Acho que todas as pessoas desejam ser felizes. Mesmo aquelas que dizem que não merecem. Mesmo até aquelas que, para serem diferentes, dizem que gostam de se sentir miseráveis. That's bullshit, conversa da treta. Uma forma pateta de chamar a atenção do outro. No fundo, é claro que querem a felicidade. Por outro lado, há pessoas que não olham a meios para atingir a felicidade.
Camélia finalmente conhecera um homem que a fazia feliz. Queria-o a seu lado, queria ir com ele para todo o lado, era o amor da sua vida. Sim, estava obcecada por ele. Depois de tantos casos falhados, de tantas desilusões amorosas, finalmente e quando menos esperava, o seu príncipe encantado chegara. Era alto, bem parecido, espadaúdo. Era técnico de som e falava inglês e checo (vivera em Praga alguns anos, teve uma namorada checa). Sabia fazer lindos e complexos origamis. Quando saía de casa de Camélia, deixava sempre um origami escondido numa divisão. Camélia nem queria acreditar que existia um homem assim. É claro que tinha um ou outro defeito - como toda a gente - mas o balanço era bastante positivo como se costuma dizer.
Camélia adorava cozinhar para o seu amante. Gostava de se sentar ao seu lado enquanto o via a comer. Era um deleite vê-lo apreciar a sua comida. Gostava de passar a mão pelo seu peito, pelos ombros largos. Era mais forte do que ela, não conseguia resistir. O toque na sua pele, sentir aquele cheiro masculino ocre era fatal, um big turn-on como dizem agora. Mal acabava a refeição, iam para o quarto onde ouviam jazz e depois faziam amor.

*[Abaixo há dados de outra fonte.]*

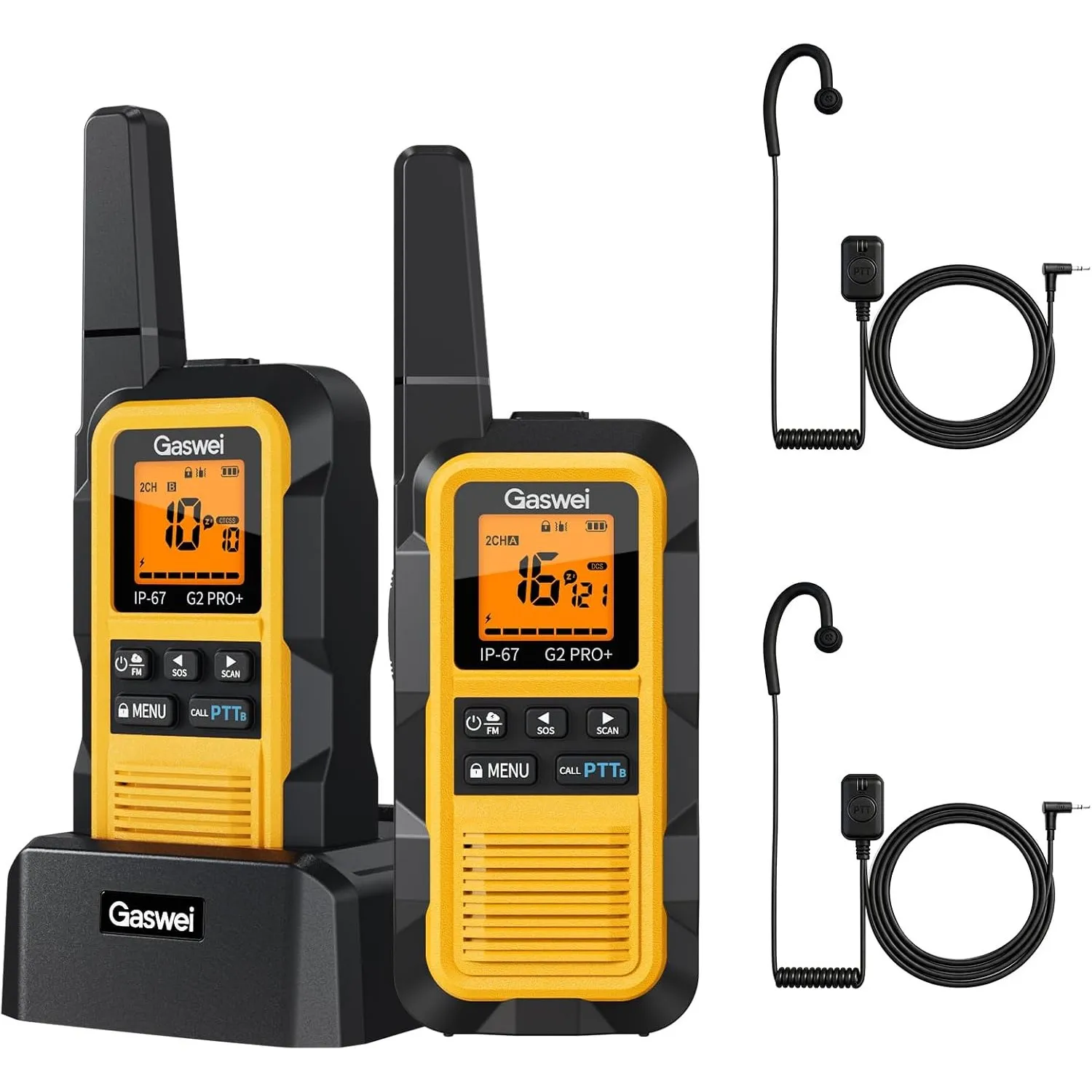 Gaswei G2Pro+ Walkie Talkie Wasserdicht für Erwachsene mit Ohrhörern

Uma bela história de amor como tantas outras, mas esta era especial, especialmente para Camélia.
A obsessão passional de Camélia crescia de dia para dia. Já não imaginava a sua vida sem aquele homem. Uma noite encheu-se coragem e perguntou-lhe aquilo que desejava há muito perguntar. Camélia já tinha aflorado o assunto há algum tempo, mas nunca se sentira suficientemente confiante para fazer o pedido formalmente.

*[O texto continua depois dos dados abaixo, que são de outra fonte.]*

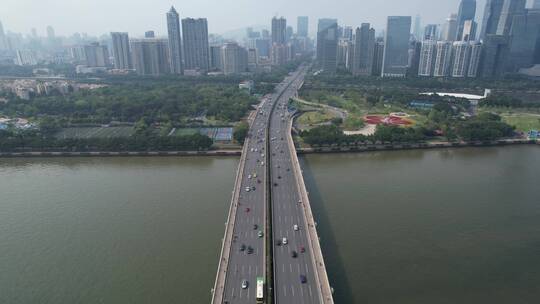 广州大桥城市交通建筑航拍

- Amanhã queres vir comigo para o escritório?
- Estava a ver que nunca mais perguntavas. Claro que sim, Camélia.
No dia seguinte, foram os dois juntos para a agência imobiliária onde Camélia trabalhava há quatro anos. Ela era uma das melhores vendedoras. Na secretária, havia um passepartout de Camélia com um ar confiante e de braços cruzados.
Ele sabia qual era a sua função, não seria preciso qualquer tipo de formação.
Sentou-se na secretária e ela começou a acariciá-lo enquanto fazia telefonemas. Sempre que fosse possível e sempre que assim o desejasse, Camélia metia a mão dentro da camisa do seu amante para tocar e afagar o seu corpo másculo. A sua produtividade e as suas vendas aumentaram drasticamente. Camélia vendera três villas luxuosas no bairro mais caro da cidade no espaço de um mês. Por mais do que uma vez, Camélia levou o seu amante para a casa de banho onde acabaram por ir mais longe do que as simples carícias. Ninguém no escritório se atrevia a questionar tal comportamento, porque Camélia era uma "máquina de vender casas". No período de dois meses, foi promovida a chefe de vendas da agência.
Camélia tinha, finalmente, encontrado a felicidade.